「時そばの客は理系だった」(柳谷晃著:幻冬舎新書)
著者は数学の先生らしいが、そうとうの落語通だ。大学時代は落研(おちけん:落語研究会)にいたのかもしれない。人前で落語を演じたことがありそうだ。芸談に近いことまで書いてある。
と読みながら考えていたのだが、「あとがき」まで読んだら大分違った。林家久藏と三遊亭金八という二人の噺家の協力によるものだそうだ。な~んだ。
「蒟蒻(こんにゃく)問答」では、こんな感じで噺家みたいなことが書いてある。
「この噺は”仕方(しかた)噺”、すなわち、手まねで持っていく噺なのです。文字にするとしぐさがわかりません。実際高座で口演するときはすべてカタチでやります。そこは見て頂かないと面白さが伝わりにくいところです。またそのところが、この噺のしどころでやりがいのあるところです。後半でパーッと謎解きがあるので、台本としてもよくできています。 一応禅宗なのです。それに関連した台詞もたくさんあります。「葷酒(くんしゅ)山門に入(い)るを許さず」との石塔があったから入ってきた・・・・と旅僧が言いますし。人によっては問答に至るまでの説明やら、しぐさ、見せ方もさまざまです。こういうものは実際に教えて貰わないとカタチがあるので出来ない噺です。うろ覚えや、教わらないでいい加減にやったりしていると、楽屋から見ればすぐわかります。それに問答というのは、はったりや屁理屈の勝負ですから、その辺の気締めも入りますし、何手順かは踏む必要のある噺です。なかなか、自分のものにするのは大変です。」(P.57)

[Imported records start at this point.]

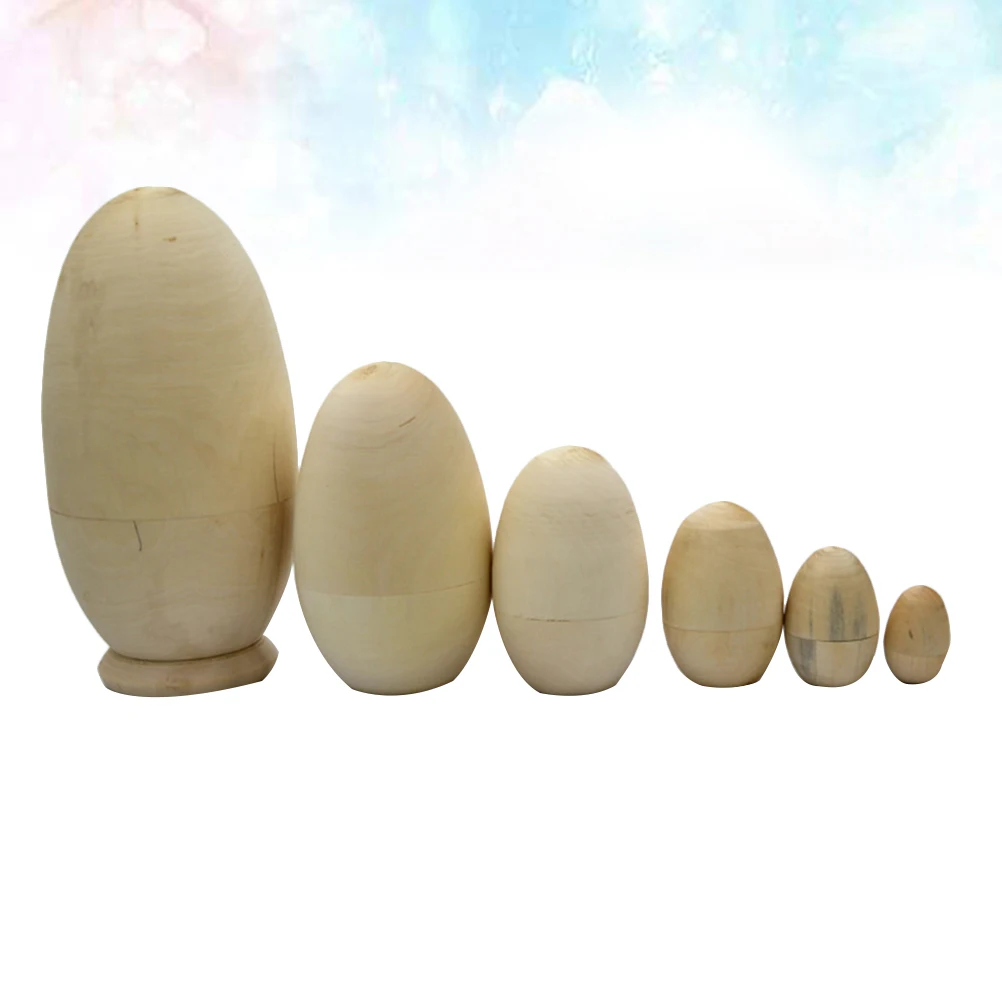 6 шт. DIY матрешка ремесла деревянная русская матрешка креативная матрешка DIY декор нежная матрешка DIY
6 шт. DIY матрешка ремесла деревянная русская матрешка креативная матрешка DIY декор нежная матрешка DIY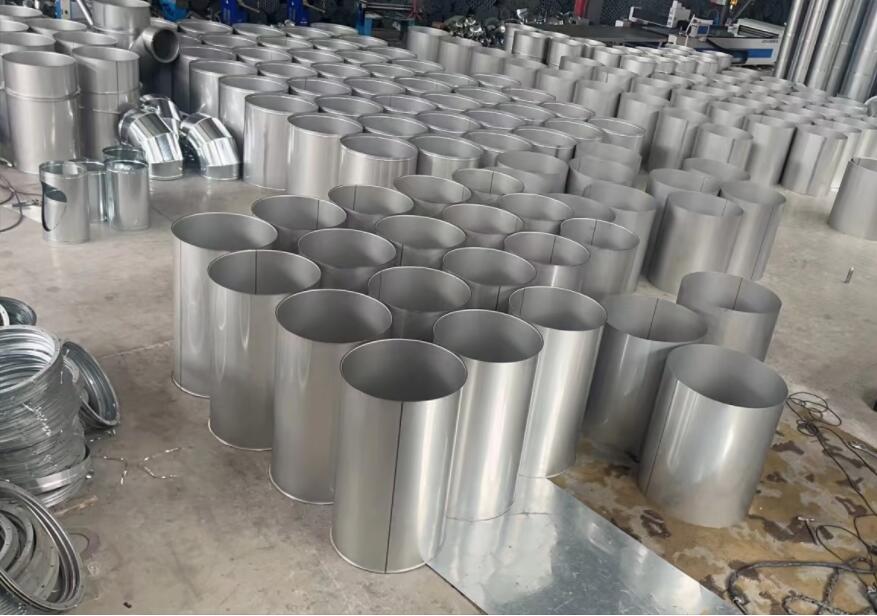 4月18日江西盛达不锈钢风管加工工艺-6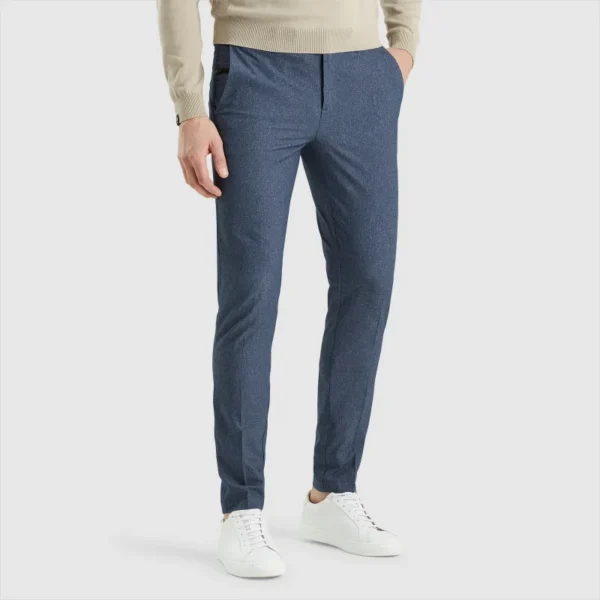 VTR2403638-5116_front Vanguard Broek VTR2403638 Blauw
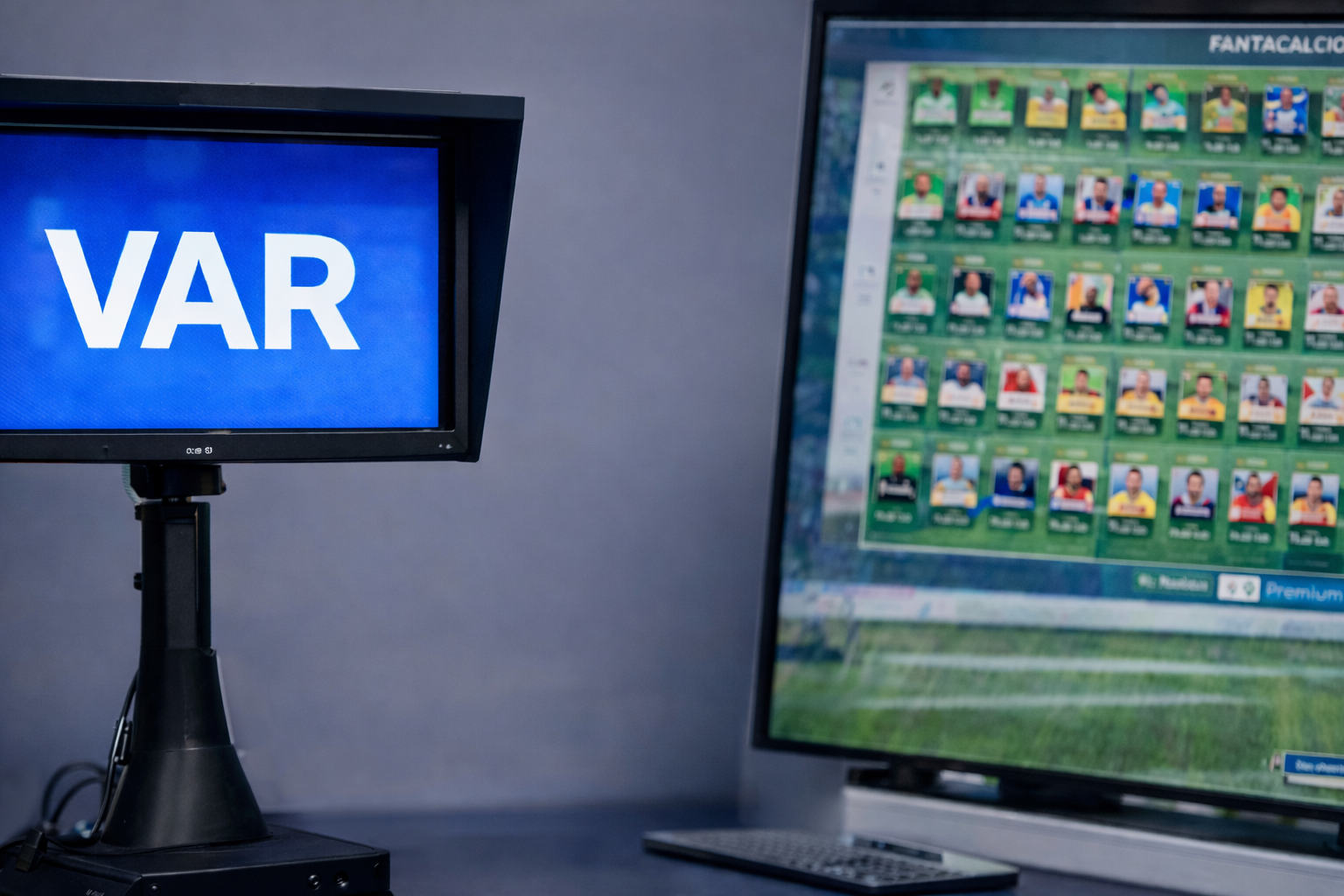 Serie A, Simonelli attacca il Var e tratta per acquisire il Fantacalcio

この噺に出てくる「十方世界は?」「五戒で保つ」「三尊の弥陀は?」「目の下にあり」というのは、子供のころは何度聞いても覚えられず、最後はおふくろに教えて貰った。わたしの落語好きのルーツは垂乳根(たらちね)の母にありそうだ。(笑)
一方、「天災」という噺のあとではこんなことも書く。
「八五郎は手におえない乱暴者です。しかし、大家さんの言うことは聞きます。現代とまったく違うのがこの部分です。とにかく人の言うことは聞く。そういう人が、町の中に一人はいる。この存在はとても大きい。 今、価値の多様化とか言いますが、それと何も知らない子供が大人に逆らうというのはまったく異なることです。とにかく、この人の言うことは聞きなさい。これが知識とかお金とかを超えたところに、価値を置いている証拠です。この人の言うことが人の生きる道なのだ。乱暴者の八五郎さえ、この暗黙の了解には逆らわない。 有無を言わさない存在は数学にも必要です。数学の勉強の最初は、習うほうの自由とか、個性とかの入りこむ隙はありません。昔の天才が開発した方法をひたすら覚える。その上で彼らの限界を知って、今ある問題を解決するために新しいことを開発する。これは、どんな分野でも同じです。 学ぶということに、数学を学ぶも社会の中の規範を学ぶもありません。最初はまねです。それも絵画の練習をするような完璧な模写。お習字の臨書です。 いやいやながらも、心学の先生のところにやってくる。とにかく、聞きに来る八五郎はそれなりに立派です。しかし、それでも素直に聞くわけではありません。 そこで、今度は教えるほうの度量の広さが問われます。心学の先生の懐の深さが出ます。八五郎が、生意気に言い返しても怒らない。紅羅坊名丸(べにらぼう・なまる)先生がそれほどの先生ではないとしても、心学が人にどのように知識を教えていたかがよくわかります。自分の伝えることがわからなければ、相手の解かる土俵を会話の中で探っているのです。お釈迦様の器量説法。すなわち、相手の理解力に合わせる。これが、個性を尊重することになるわけです。(八五郎は)何もできないで人を批判するだけの、おろかな若者ではない。相手に合わせて、教えることのレベルを下げるのではありません。名丸先生は相手がわかる世界で、レベルを下げずに教えているのです。」(P.213~P.214)
ここは教育論になっている。著者は「おろかな若者」にだいぶ苦労したものと見える。しかし、「お釈迦様の器量説法。すなわち、相手の理解力に合わせる。これが個性を尊重することになるわけです。」というのは肯ける。
学校の先生にこれを求めるのは無理というものだが、企業での社員教育の場では心すべきではないかと思う。